*** Block opens ***
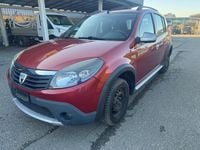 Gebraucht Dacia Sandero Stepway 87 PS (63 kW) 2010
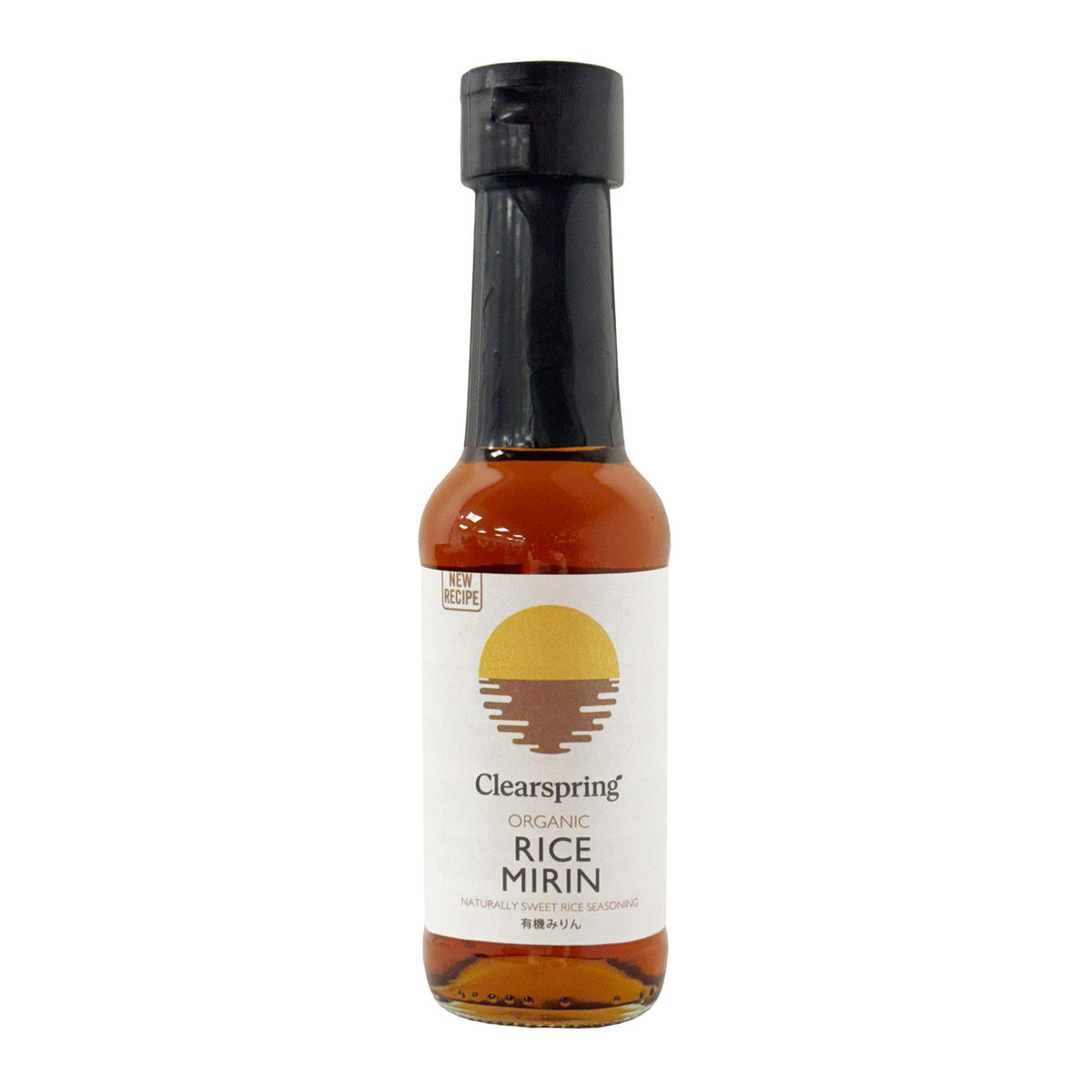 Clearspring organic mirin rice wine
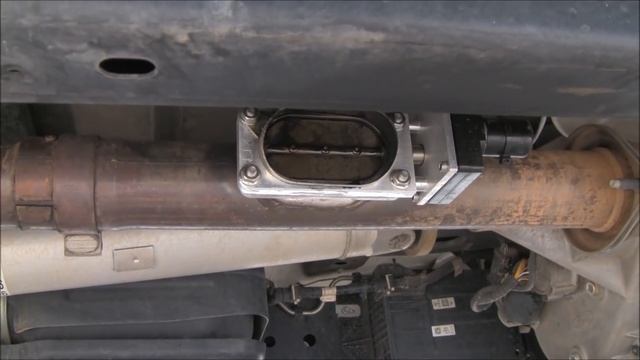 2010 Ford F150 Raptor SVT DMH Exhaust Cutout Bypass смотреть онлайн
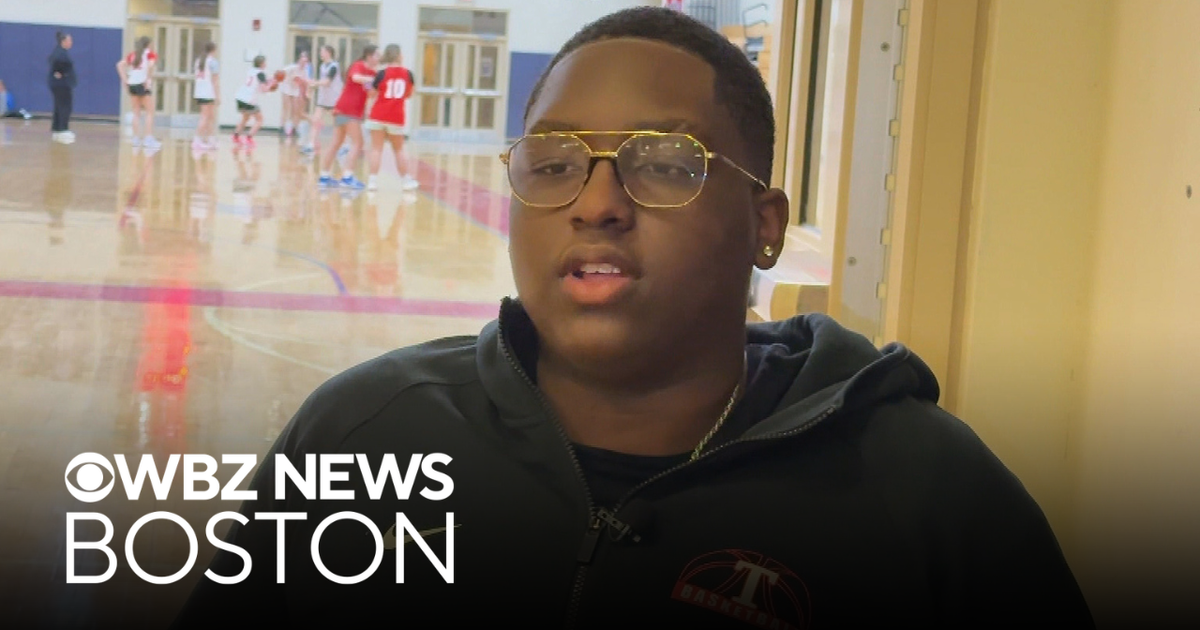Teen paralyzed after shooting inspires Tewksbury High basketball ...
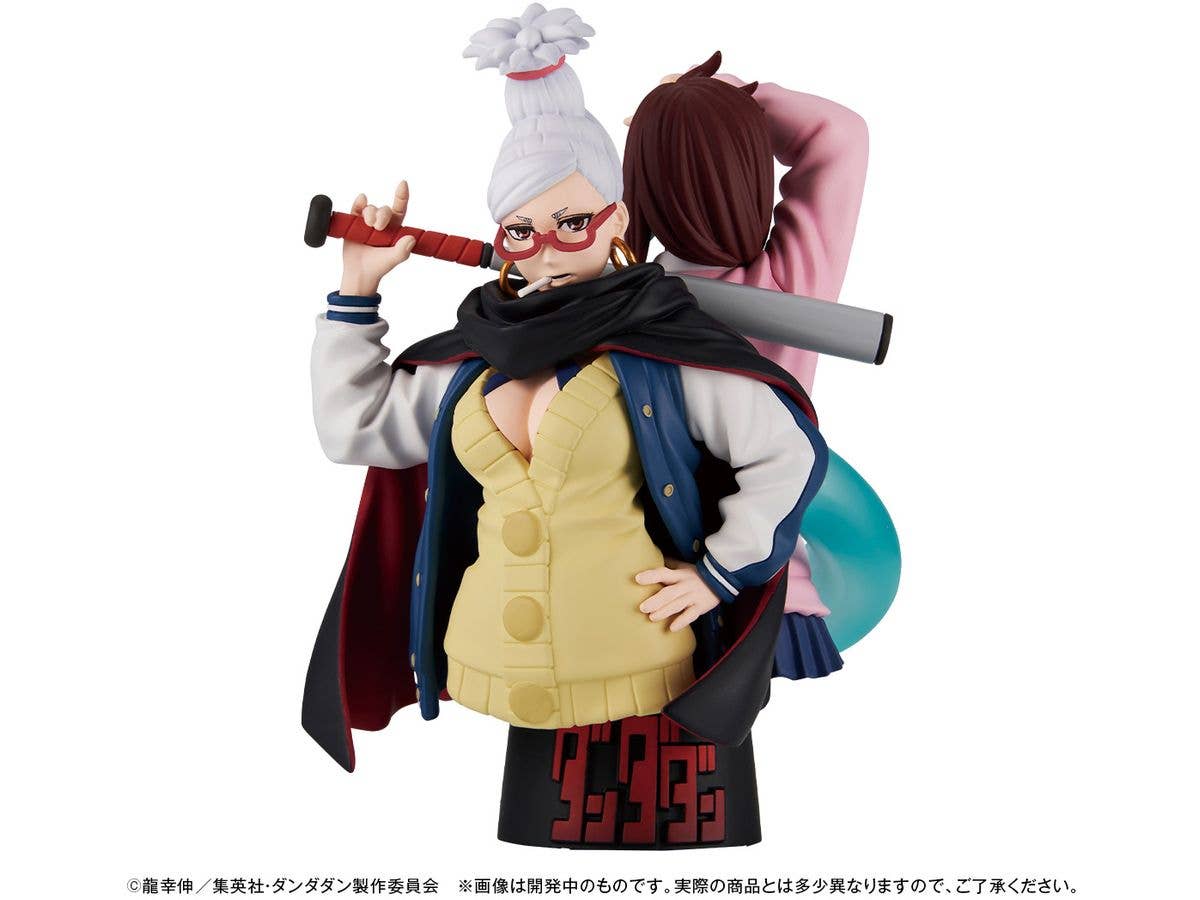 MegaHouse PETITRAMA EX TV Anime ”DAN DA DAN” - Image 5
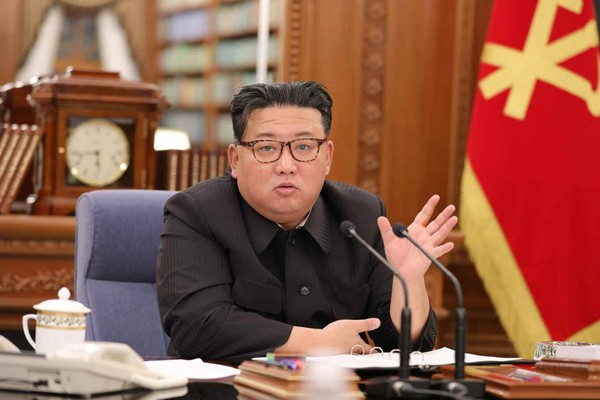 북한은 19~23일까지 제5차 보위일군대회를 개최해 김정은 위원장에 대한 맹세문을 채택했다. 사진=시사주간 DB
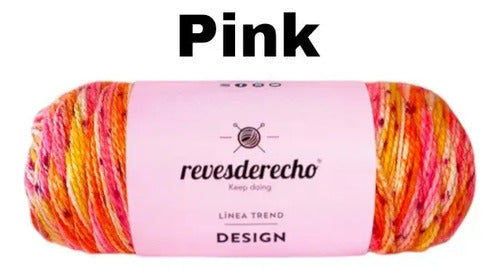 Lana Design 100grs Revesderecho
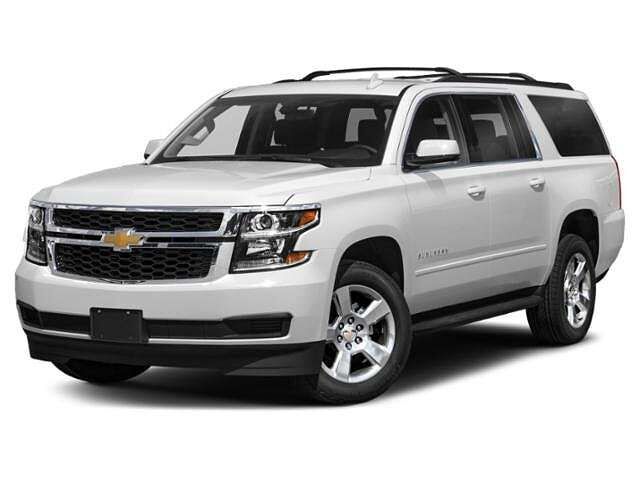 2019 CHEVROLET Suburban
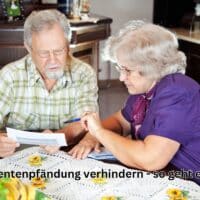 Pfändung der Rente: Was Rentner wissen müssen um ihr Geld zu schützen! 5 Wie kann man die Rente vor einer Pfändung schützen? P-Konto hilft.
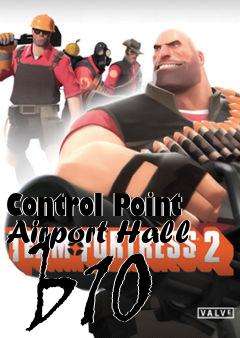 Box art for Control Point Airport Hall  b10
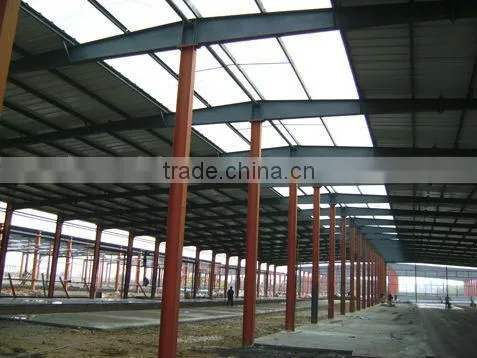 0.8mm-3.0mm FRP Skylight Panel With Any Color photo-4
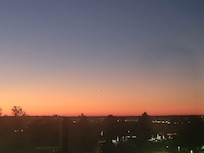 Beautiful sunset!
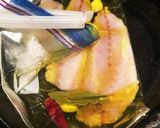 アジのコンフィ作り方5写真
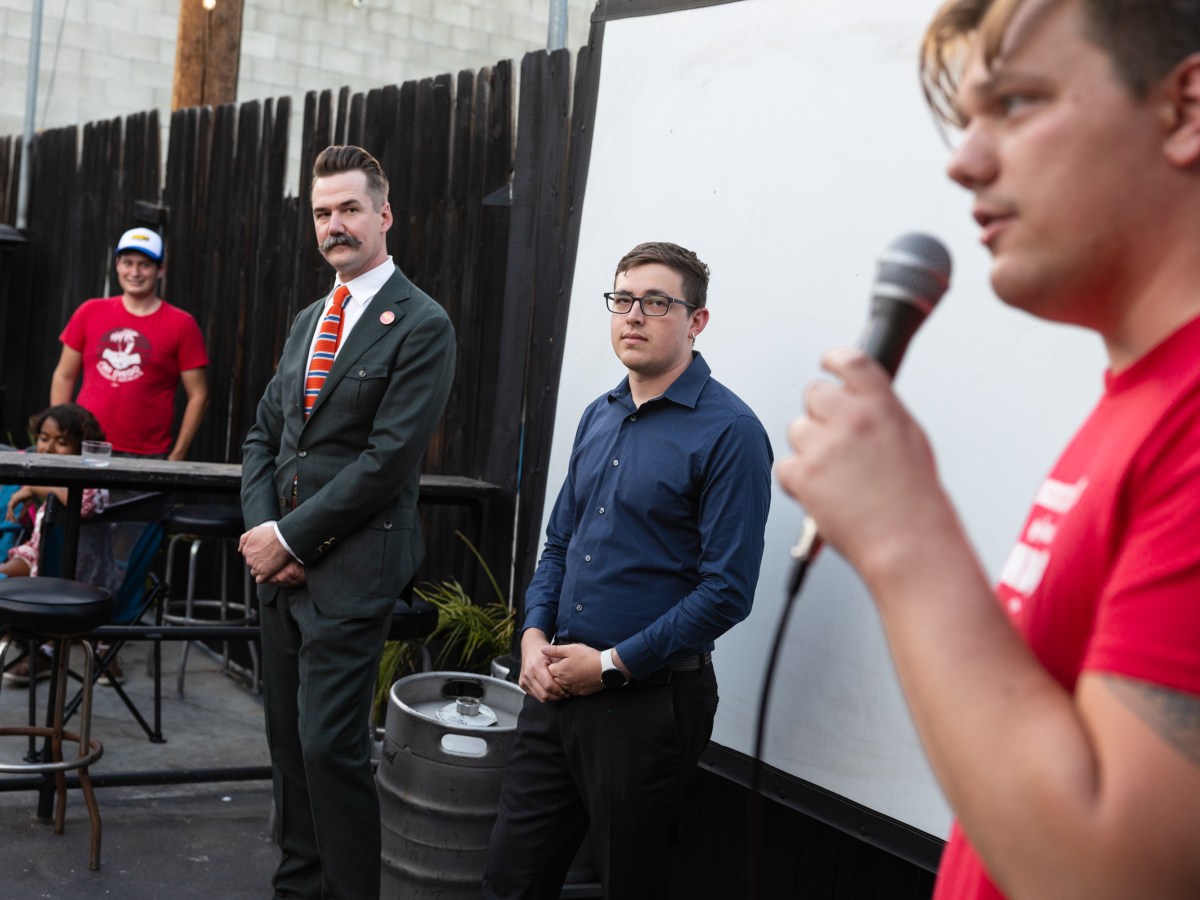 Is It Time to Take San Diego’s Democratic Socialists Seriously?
*** Block closes ***
_ASSIGNMENT_: Every line from the one with "북한은 19~23일까지 제5차" through the last line of the material gets printed exactly, and nothing more. Omit the pictures.

_FINISHED TASK_:
 북한은 19~23일까지 제5차 보위일군대회를 개최해 김정은 위원장에 대한 맹세문을 채택했다. 사진=시사주간 DB
 Lana Design 100grs Revesderecho
 2019 CHEVROLET Suburban
 Pfändung der Rente: Was Rentner wissen müssen um ihr Geld zu schützen! 5 Wie kann man die Rente vor einer Pfändung schützen? P-Konto hilft.
 Box art for Control Point Airport Hall  b10
 0.8mm-3.0mm FRP Skylight Panel With Any Color photo-4
 Beautiful sunset!
 アジのコンフィ作り方5写真
 Is It Time to Take San Diego’s Democratic Socialists Seriously?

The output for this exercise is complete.